Select out unique identifiers for each of the two city shapefiles.

In [None]:
all_cities = pd.concat(
    [
        uhe_daily_cities[["ID_HDC_G0", "UC_NM_MN", "geometry"]],
        additional_cities[["UACE20", "NAMELSAD20", "geometry"]],
    ],
    ignore_index=True,
)

Overlay the cities with the regions and take the difference to create regions that do not include the cities. These will often look like donuts, with regions having empty hole(s) where they overlap with cities. These regions will support population-level analyses that aim to separate effects between urban and non-urban areas. There are ~300 regions with no non-city areas and these are dropped from the regions. 

In [None]:
regions_excluding_cities = regions.overlay(all_cities, how="difference")

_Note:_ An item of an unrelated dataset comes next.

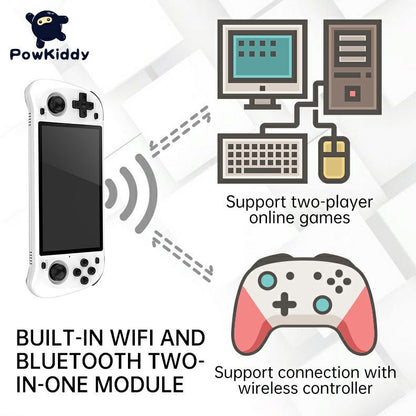 Handheld Game Console Powkiddy RGB10MAX2 with 5-inch IPS, 128GB or 64GB Options, ArkOS for Portable Retro Gaming and Travel Play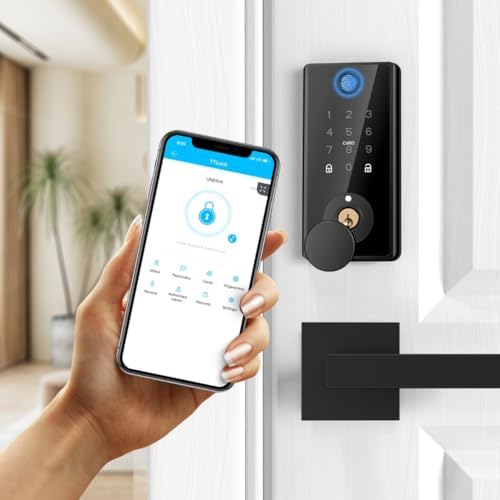 ™ Biometriskt Fingeravtryck Smart Lås med Appstyrd Bluetooth och Nyckellös Inträde, 8-i-1 Digital Deadbolt och Modern Dörrhandtag Set  |   Dörrbeslag och lås Dörrbeslag och lås Dörrbeslag och lås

Combine the cities with the regions-with-cities-excluded into a singled dataset.

In [None]:
all_regions = pd.concat(
    [all_cities, regions_excluding_cities[["gadmid", "hierid", "ISO", "geometry"]]],
    ignore_index=True,
)

Make a new unique identifier which will be used in subsequent steps.

In [None]:
all_regions["processing_id"] = all_regions.index

In [None]:
all_regions.to_file(
    "s3://carbonplan-climate-impacts/extreme-heat/v1.0/inputs/all_regions_and_cities.json",
    driver="GeoJSON",
)